**** Provided information

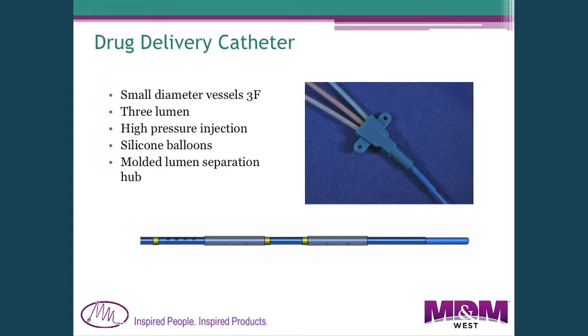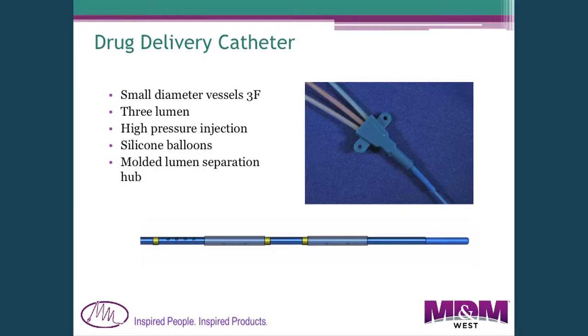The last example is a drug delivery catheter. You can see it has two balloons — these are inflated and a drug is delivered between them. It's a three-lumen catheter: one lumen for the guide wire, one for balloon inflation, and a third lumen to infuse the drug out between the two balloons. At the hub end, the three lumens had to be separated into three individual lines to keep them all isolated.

********
**** Provided information

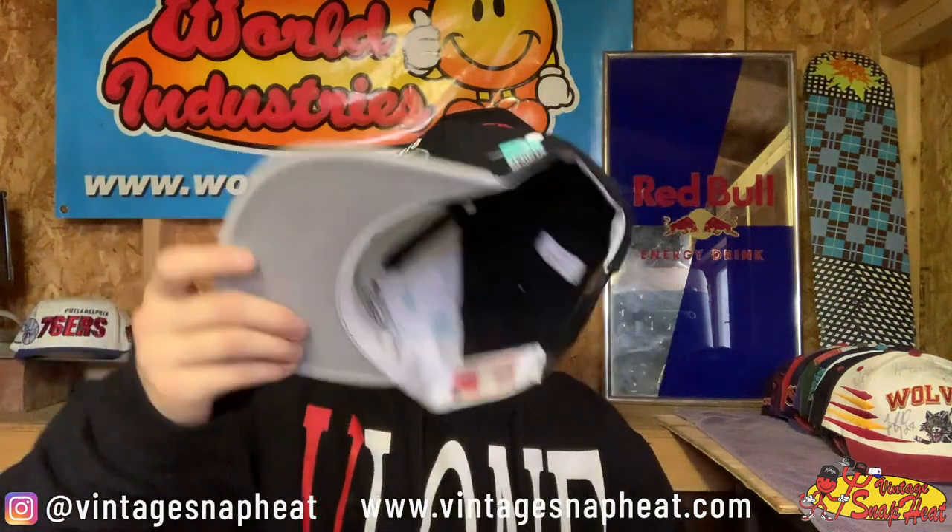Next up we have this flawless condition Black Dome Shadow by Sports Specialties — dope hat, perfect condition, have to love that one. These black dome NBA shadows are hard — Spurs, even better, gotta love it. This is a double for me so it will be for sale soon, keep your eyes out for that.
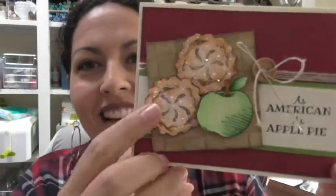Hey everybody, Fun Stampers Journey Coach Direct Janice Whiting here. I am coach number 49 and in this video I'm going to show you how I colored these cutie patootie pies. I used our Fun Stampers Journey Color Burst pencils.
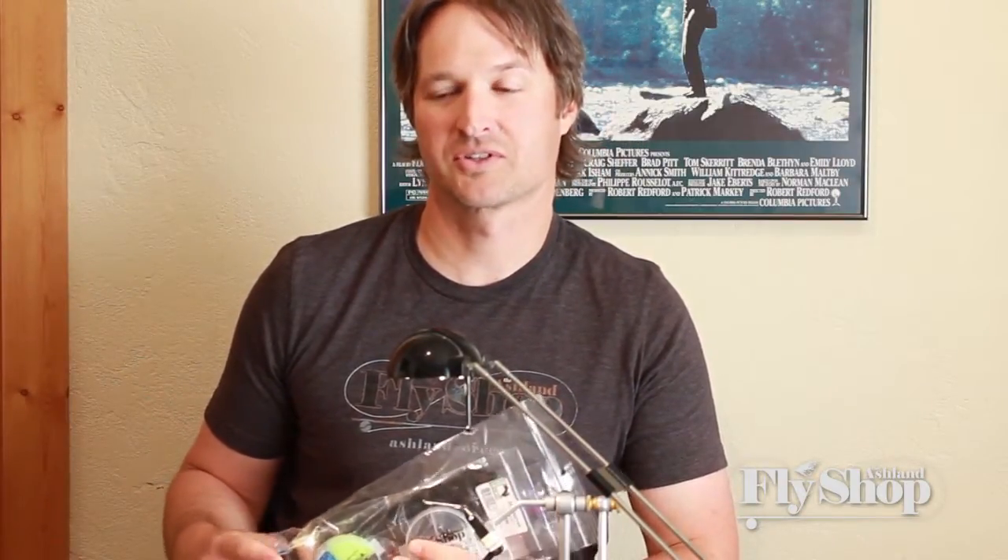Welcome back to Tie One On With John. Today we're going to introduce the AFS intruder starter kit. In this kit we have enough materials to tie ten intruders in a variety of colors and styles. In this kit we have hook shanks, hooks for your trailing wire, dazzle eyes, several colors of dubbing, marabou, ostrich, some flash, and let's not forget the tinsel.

********

§ **Assigned task**
Take the lines above starting at the one containing "Hey everybody, Fun" and ending at the one containing "Welcome back to", and print them again exactly, without pictures.

§ **Response area**
Hey everybody, Fun Stampers Journey Coach Direct Janice Whiting here. I am coach number 49 and in this video I'm going to show you how I colored these cutie patootie pies. I used our Fun Stampers Journey Color Burst pencils.
Welcome back to Tie One On With John. Today we're going to introduce the AFS intruder starter kit. In this kit we have enough materials to tie ten intruders in a variety of colors and styles. In this kit we have hook shanks, hooks for your trailing wire, dazzle eyes, several colors of dubbing, marabou, ostrich, some flash, and let's not forget the tinsel.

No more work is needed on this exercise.